Engineered glucose to generate a spectroscopic probe for studying carbohydrate biology.

TLDR: It is shown that the incorporation of such a fluorophore in a carbohydrate moiety may enable studying the physiological and biochemical processes associated with membranes and can be used as a tool to understand their structure–function relationship.
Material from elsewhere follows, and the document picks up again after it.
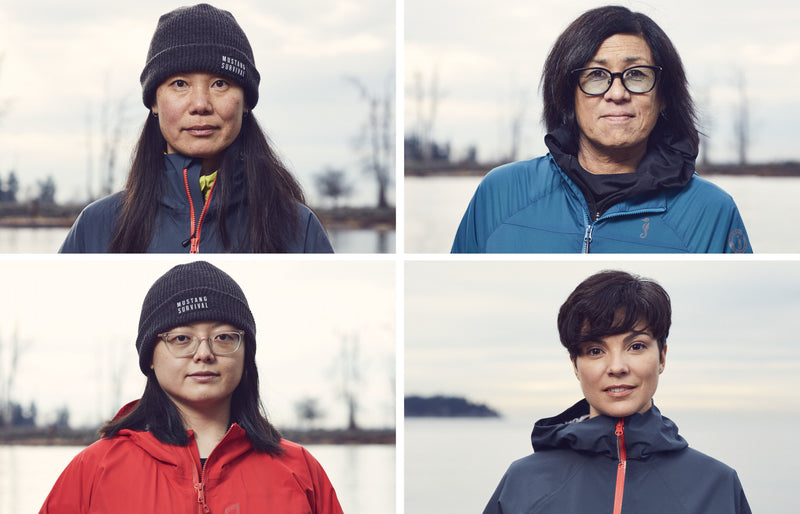 A four-panel collage of female Mustang Survival employees posing outdoors in marine apparel and beanies.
Abstract: Metabolic carbohydrate engineering by exogenously added monosaccharide supplement is a technique of importance for studying physiological role of various glycans. Additionally, it also has the potential of developing new drug molecules for specific targeting. Lack of a spectroscopic reporting moiety in carbohydrates makes understanding their biochemical and physiological role very difficult. Towards this goal, we have modified glucose, with a propargyl group, wherein an azido coumarinyl profluorophore has been linked by “click chemistry.” Here, we demonstrate the uptake and incorporation of this modified monosaccharide into bacteria, yeast and mammalian cells. We show that modification at C-2 (carbon numbered 2, according to IUPAC) position is tolerated best, and uptake is only slightly lower compared to glucose. In the presence of C-2-modified glucose, growth kinetics and cellular viability were also minimally affected in all the cell types used. Fluorescence spectroscopy of the labeled biomolecule and fluorescence imaging of the cells demonstrate that C-2-modified glucose is metabolically incorporated not only in the cell membrane but also accumulates in the nucleus. Such a fluorophore, incorporated into biomolecules, can be used as a tool to understand their structure–function relationship. Here, we show that the incorporation of such a fluorophore in a carbohydrate moiety may enable studying the physiological and biochemical processes associated with membranes.